Par conséquent la société a souhaité engager une négociation en vue de maintenir tout ou partie de certaines de ces dispositions. C’est dans ce cadre que, tant qu’aucune disposition légale ou conventionnelle plus favorable ne soit mise en place, les jours d’absence suivants seront accordés et rémunérés sur présentation d’un justificatif :
3 jours ouvrés seront accordés à la naissance ou l’adoption d’un enfant ;
5 jours ouvrés par année civile par enfant malade de moins de 16 ans ;
5 jours ouvrés pour mariage ou PACS ;
2 jours ouvrés pour mariage d’un enfant ;
5 jours ouvrés pour la survenue d’un handicap ou d’une maladie lourde d’un l’enfant ;
3 jours ouvrés pour l’intervention chirurgicale d’un enfant ou du conjoint ;
3 jours ouvrés pour le décès du conjoint, des parents, des beaux-parents et des frères et sœurs et des grands-parents ;
1 jour ouvré pour le décès des oncles et tantes ;
12 jours ouvrés pour le décès de l’enfant ;
8 jours ouvrés supplémentaires pour le deuil de l’enfant de moins de 25 ans, à prendre dans un délai d’un an maximum après le décès de l’enfant.
Article 10 : Congés payés offerts par l’employeur
De plus, il est également instauré par le présent accord 6 jours ouvrés offerts par l’employeur par année civile. Ces 6 jours sont fixés d’un commun accord entre la direction et les représentants du personnel en décembre de l’année précédente (N-1).
Article 11 : Dispositions diverses
11.1 – Révision et dénonciation de l’accord
Pendant sa durée d'application, le présent accord peut être révisé dans les conditions légales en vigueur. Elle pourra être demandée par les parties signataires et devra s’inscrire dans le cadre des articles L2261-7 et 8 du Code du travail tels que modifiés par la loi n°2016-1088 du 8 août 2016 relative au travail et à la modernisation du dialogue social.

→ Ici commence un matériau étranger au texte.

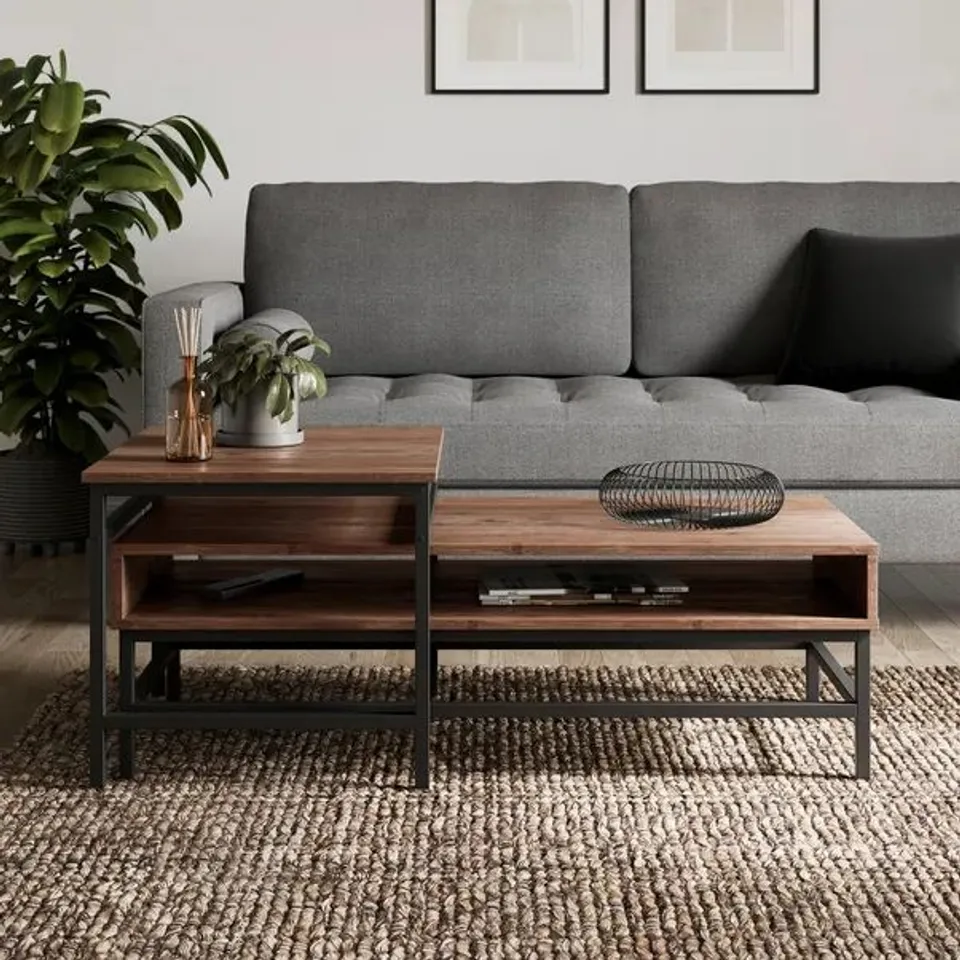 BOXED FULTON SQUARE & RECTANGULAR NESTING COFFEE TABLES - BLACK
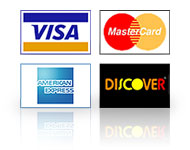 We accept VISA, MasterCard, AMerican Express & DISCOVER cards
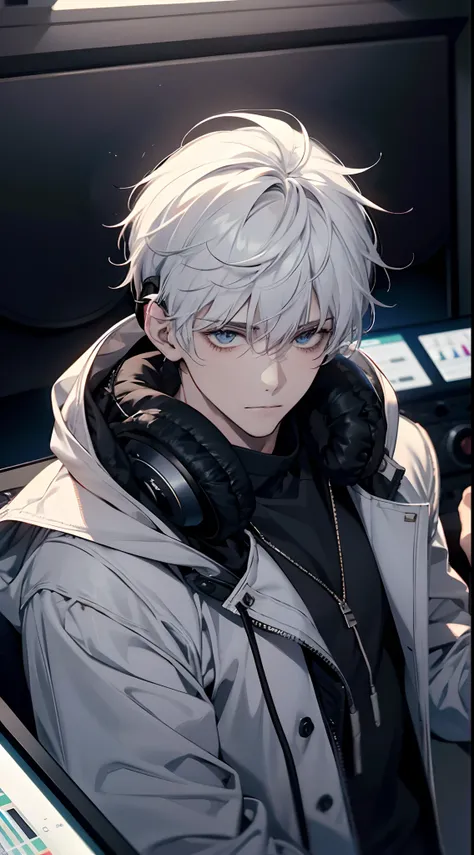 1male people, calm, adult, age 35 face, handsome, short and messy bangs, white hair,with hood and headphones, wearing black, in ...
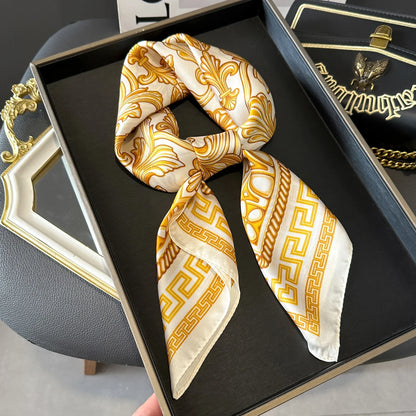 Print Luxury Pashmina Silk Scarf for Headband or Neck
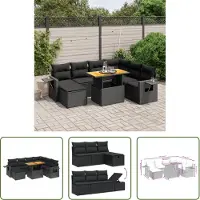 The Living Store 8-tlg. Garten-Sofagarnitur mit Kissen Schwarz Poly Rattan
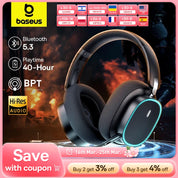 Baseus GH02 Gaming Wireless Headphone with Mic Over-Ear Headphones Bluetooth 5.3 40mm Driver 2.4G/Wireless/Cable RGB Headsets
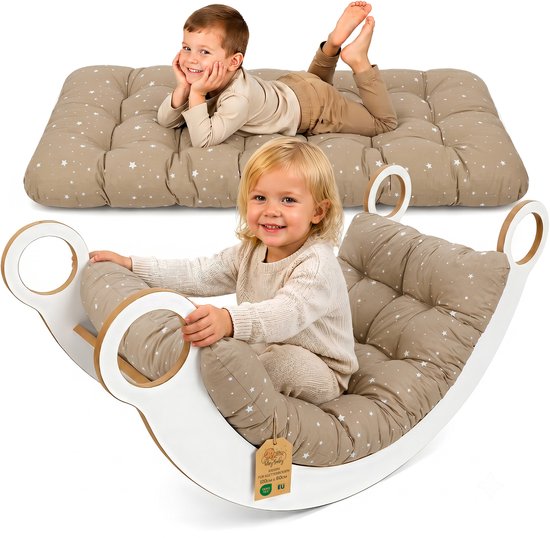 Klimboog kussen & vloerkussen voor kinderen 60x120 cm - vloermatras omkeerbaar – zitkussen voor de wipstoel spelen lezen ontspannen kinderkamer katoen Oeko-Tex Beige met witte sterren Klimboog kussen & vloerkussen voor kinderen 60x120 cm - vloermatras omkeerbaar – zitkussen voor de wipstoel spelen lezen ontspannen kinderkamer katoen Oeko-Tex Beige met witte sterren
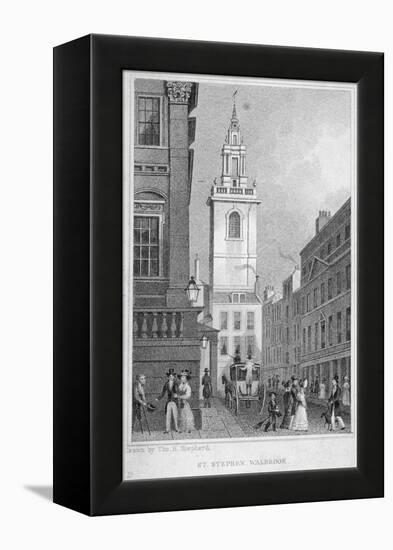 Church of St Stephen Walbrook from the Corner of Mansion House, City of London, 1830-R Acon-Framed Premier Image Canvas
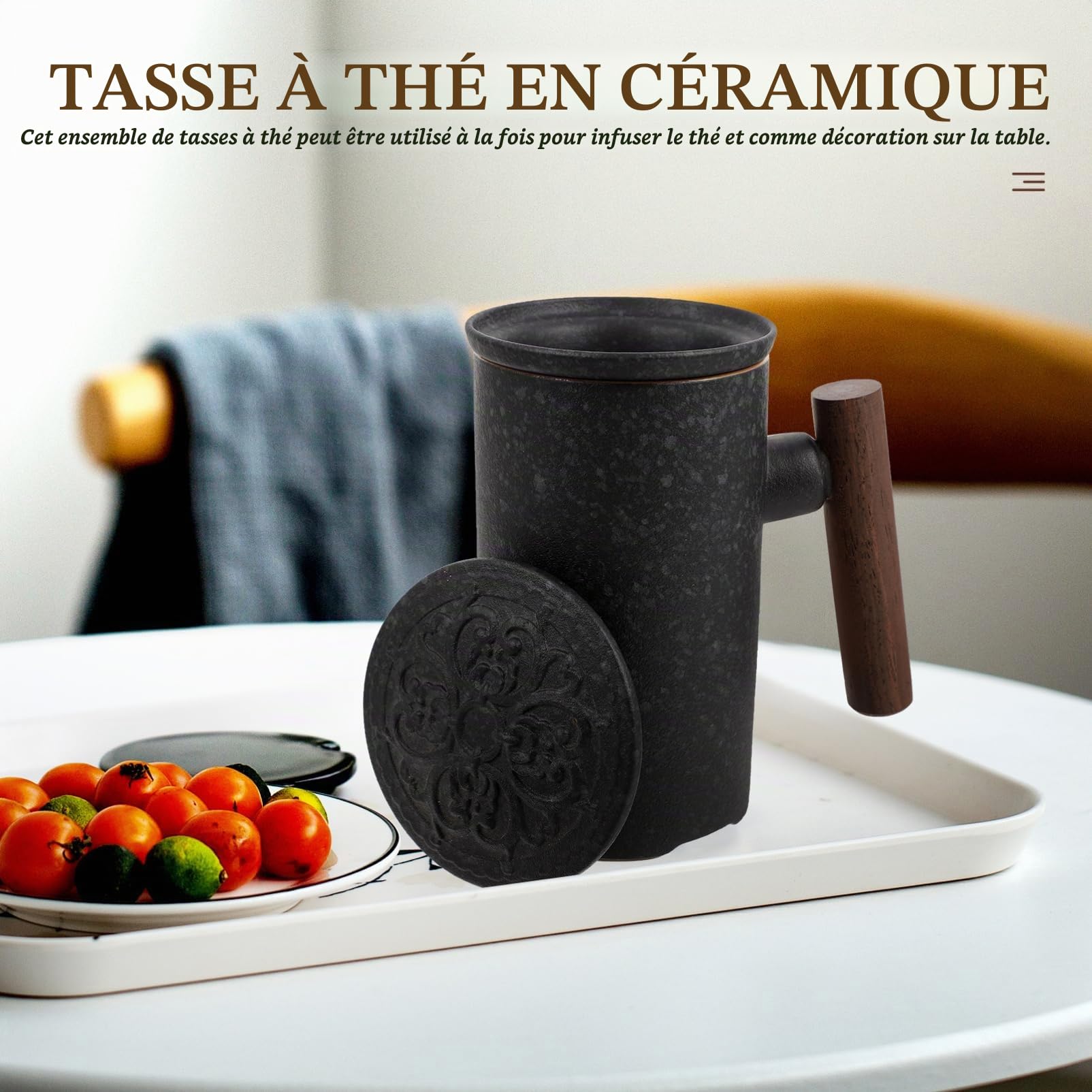Tasse à Thé 300 Ml en Céramique avec Filtre et Couvercle Maison Bureau, pour Infusion Quotidienne Thé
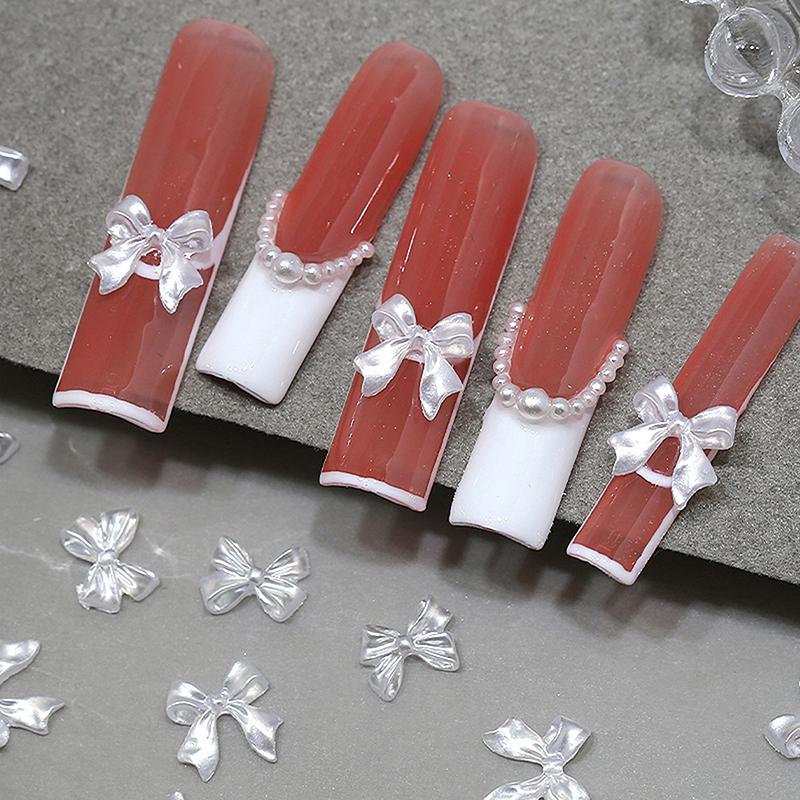 50 Stück Weiße Schleifen Teile Schleifendekorationen Für Nagelanhänger Flache Rückseite Nagelfiguren Binden Harz Für DIY Anhänger Maniküre Zubehör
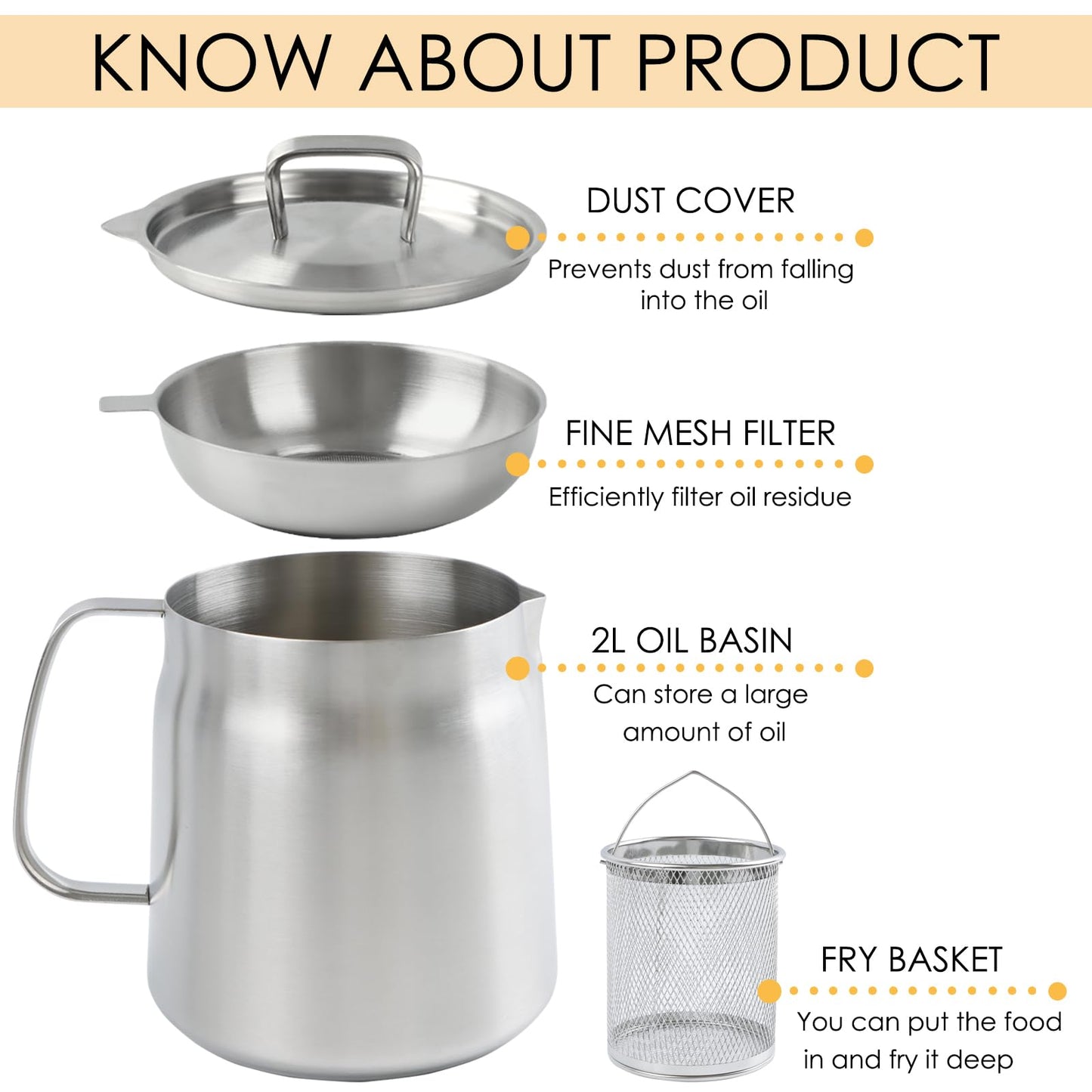 50oz 304 Stainless Steel Oil Filter Pot, Heavy Duty Bacon Grease Container & Deep Fryer Basket, Large Capacity Multi-function Oil Filter Vessel with Strainer for Kitchen Storing Frying Cooking Grease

Le présent accord peut être dénoncé dans les conditions fixées par le Code du travail et moyennant un préavis de 3 mois. À compter de l'expiration du préavis de dénonciation, le présent accord continue de produire effet jusqu'à l'entrée en vigueur de la convention ou de l'accord qui lui est substitué ou, à défaut, pendant une durée de 12 mois.
11.2 – Date d’effet et durée de l’accord
Le présent accord est conclu pour une durée indéterminée, par dérogation au deuxième alinéa de l’article L2222-4 du code du travail tel que modifié par la loi n°2016-1088 du 8 août 2016 relative au travail et à la modernisation du dialogue social.
Il prendra effet au 1er janvier 2025.
11.3 – Dépôt, publicité et notification
Le présent accord sera déposé par la Direction de la Société sur le site teleaccords.travail-emploi.gouv.fr et remis aux instances et organismes nationaux et de branche, conformément au Code du travail.
Le présent accord sera à disposition des salariés et sera affiché dans les locaux de la Société, sur les panneaux réservés à cet effet.
A défaut de délégué syndical et d’organisation syndical représentative au sein de la société, et au même titre que les membres élus du Comité Social et Economique, les organisations syndicales représentatives de branche ont été informées de la décision de la Direction générale d’engager les négociations sur le présent accord le 17 septembre 2024.
Sans retour sur la volonté des organisations syndicales de négocier ou de mandater un salarié de la société dans un délai d’un mois, le présent accord a été négocié avec les membres du Comité Social et Economique représentant la majorité des suffrages exprimés aux dernières élections du Comité.